BEGIN RECORDS FOR THIS TASK

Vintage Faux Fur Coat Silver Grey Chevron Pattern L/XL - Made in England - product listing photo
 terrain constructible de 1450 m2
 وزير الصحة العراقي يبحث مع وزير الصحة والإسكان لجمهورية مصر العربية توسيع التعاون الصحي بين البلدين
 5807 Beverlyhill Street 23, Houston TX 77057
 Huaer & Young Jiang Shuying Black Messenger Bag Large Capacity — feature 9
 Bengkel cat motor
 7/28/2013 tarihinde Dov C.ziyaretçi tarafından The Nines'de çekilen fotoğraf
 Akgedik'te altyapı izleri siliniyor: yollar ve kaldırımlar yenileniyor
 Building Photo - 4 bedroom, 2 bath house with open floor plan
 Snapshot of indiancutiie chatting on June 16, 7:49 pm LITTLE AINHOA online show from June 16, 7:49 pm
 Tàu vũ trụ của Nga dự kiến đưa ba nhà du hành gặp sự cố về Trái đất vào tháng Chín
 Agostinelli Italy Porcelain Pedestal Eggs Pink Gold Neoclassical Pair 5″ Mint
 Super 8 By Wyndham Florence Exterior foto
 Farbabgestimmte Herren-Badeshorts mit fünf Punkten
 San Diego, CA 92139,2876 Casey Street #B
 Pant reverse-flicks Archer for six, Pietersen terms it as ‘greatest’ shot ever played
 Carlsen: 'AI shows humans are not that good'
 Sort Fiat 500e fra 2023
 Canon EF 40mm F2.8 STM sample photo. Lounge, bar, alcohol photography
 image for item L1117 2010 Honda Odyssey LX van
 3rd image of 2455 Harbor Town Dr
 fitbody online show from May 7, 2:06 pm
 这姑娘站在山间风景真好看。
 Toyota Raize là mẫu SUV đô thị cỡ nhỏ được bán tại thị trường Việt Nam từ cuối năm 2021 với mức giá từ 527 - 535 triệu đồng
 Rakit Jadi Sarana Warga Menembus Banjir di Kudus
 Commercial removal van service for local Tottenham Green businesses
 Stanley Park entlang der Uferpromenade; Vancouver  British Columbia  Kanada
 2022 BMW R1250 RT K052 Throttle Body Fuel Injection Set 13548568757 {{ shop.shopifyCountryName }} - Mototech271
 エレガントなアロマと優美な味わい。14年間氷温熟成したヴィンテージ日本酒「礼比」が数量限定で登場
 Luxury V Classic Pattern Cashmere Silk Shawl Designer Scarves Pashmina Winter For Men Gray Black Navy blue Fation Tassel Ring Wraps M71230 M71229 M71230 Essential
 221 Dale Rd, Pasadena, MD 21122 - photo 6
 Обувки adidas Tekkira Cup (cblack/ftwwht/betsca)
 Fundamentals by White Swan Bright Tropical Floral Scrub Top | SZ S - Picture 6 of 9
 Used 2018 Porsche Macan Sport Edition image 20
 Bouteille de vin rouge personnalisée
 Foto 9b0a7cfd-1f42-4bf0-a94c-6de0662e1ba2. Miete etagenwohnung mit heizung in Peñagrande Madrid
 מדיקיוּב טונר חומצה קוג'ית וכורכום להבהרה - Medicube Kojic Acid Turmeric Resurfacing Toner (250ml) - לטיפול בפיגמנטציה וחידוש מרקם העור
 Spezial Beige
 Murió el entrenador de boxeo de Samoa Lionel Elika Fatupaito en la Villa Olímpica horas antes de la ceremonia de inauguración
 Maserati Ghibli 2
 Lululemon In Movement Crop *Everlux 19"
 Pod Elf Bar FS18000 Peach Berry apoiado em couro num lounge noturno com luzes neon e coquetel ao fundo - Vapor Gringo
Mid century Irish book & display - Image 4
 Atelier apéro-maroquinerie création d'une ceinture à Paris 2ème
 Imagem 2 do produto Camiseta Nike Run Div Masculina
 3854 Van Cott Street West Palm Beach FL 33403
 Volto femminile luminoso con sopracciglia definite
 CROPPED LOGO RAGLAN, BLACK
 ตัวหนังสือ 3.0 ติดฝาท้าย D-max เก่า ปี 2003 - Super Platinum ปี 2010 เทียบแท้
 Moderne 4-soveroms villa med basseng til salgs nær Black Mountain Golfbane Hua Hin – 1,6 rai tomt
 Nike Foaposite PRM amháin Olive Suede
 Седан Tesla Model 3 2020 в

END RECORDS FOR THIS TASK

▸ YOUR OBJECTIVE: All lines of the records above that carry the word "from" should be listed.

▸ SOLUTION TO THIS EXERCISE:
 Snapshot of indiancutiie chatting on June 16, 7:49 pm LITTLE AINHOA online show from June 16, 7:49 pm
 fitbody online show from May 7, 2:06 pm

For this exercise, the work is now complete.